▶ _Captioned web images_
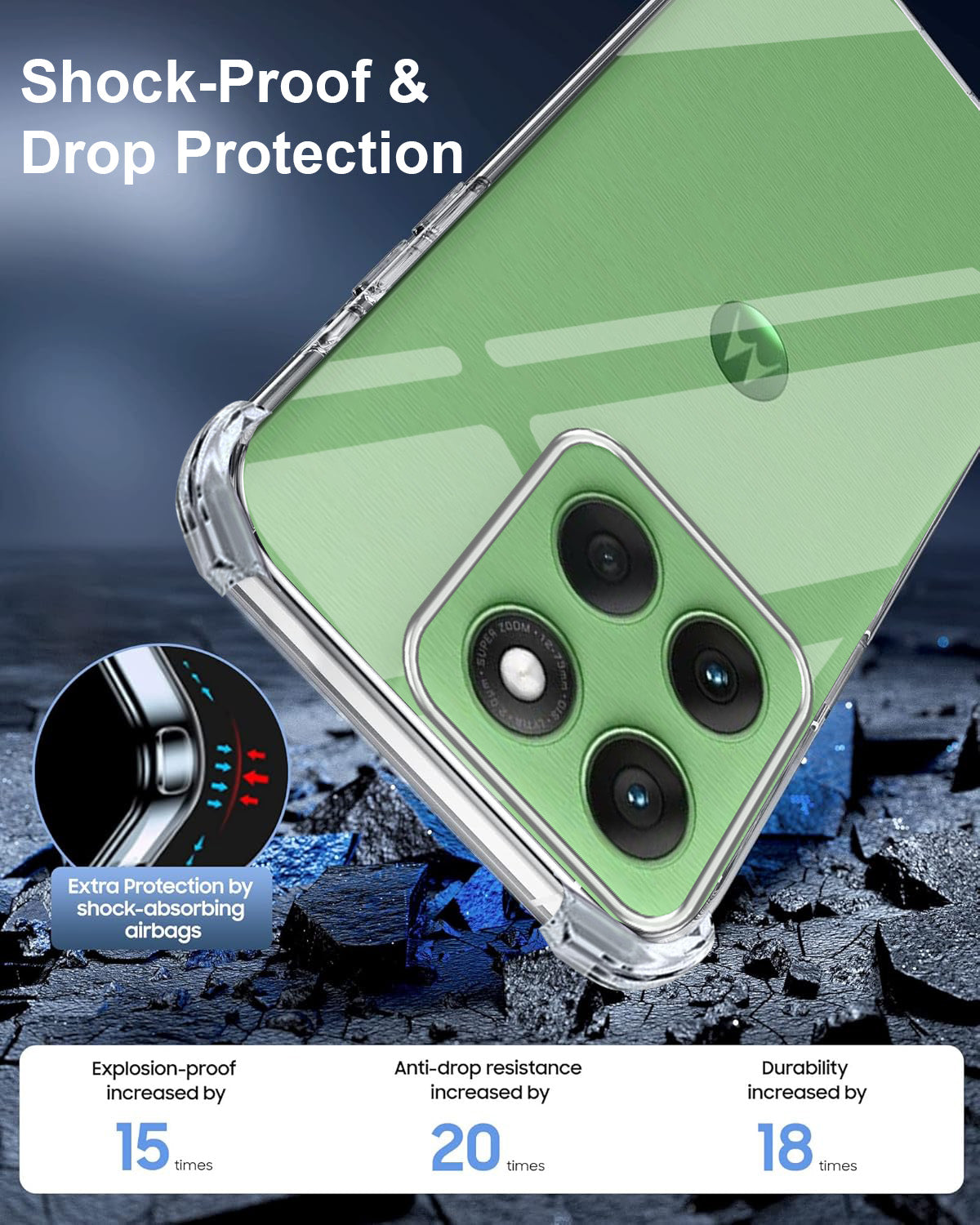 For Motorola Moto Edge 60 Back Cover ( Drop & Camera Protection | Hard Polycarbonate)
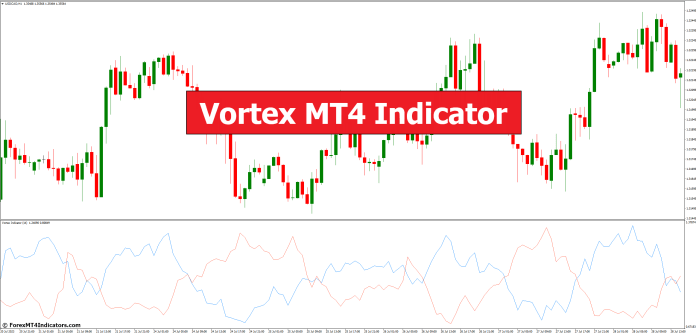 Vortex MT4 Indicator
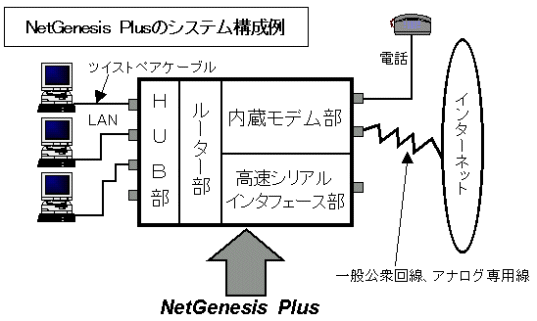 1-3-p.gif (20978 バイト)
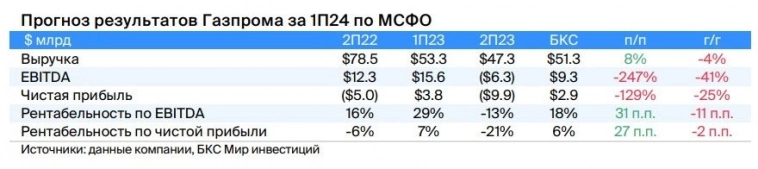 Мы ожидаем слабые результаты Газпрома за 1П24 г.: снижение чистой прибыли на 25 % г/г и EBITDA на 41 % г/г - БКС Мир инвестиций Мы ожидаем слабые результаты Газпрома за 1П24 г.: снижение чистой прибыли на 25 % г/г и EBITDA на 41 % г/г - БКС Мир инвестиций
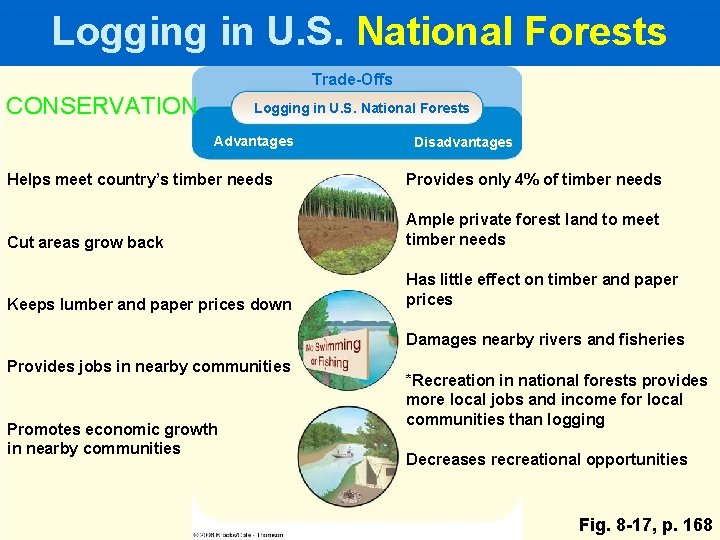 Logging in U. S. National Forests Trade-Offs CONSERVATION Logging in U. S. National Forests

▶ _How to complete this task_
Once you find the line with "Мир инвестиций Мы", restate it and every later line of the data word for word, excluding the pictures.

▶ _Result below_
 Мы ожидаем слабые результаты Газпрома за 1П24 г.: снижение чистой прибыли на 25 % г/г и EBITDA на 41 % г/г - БКС Мир инвестиций Мы ожидаем слабые результаты Газпрома за 1П24 г.: снижение чистой прибыли на 25 % г/г и EBITDA на 41 % г/г - БКС Мир инвестиций
 Logging in U. S. National Forests Trade-Offs CONSERVATION Logging in U. S. National Forests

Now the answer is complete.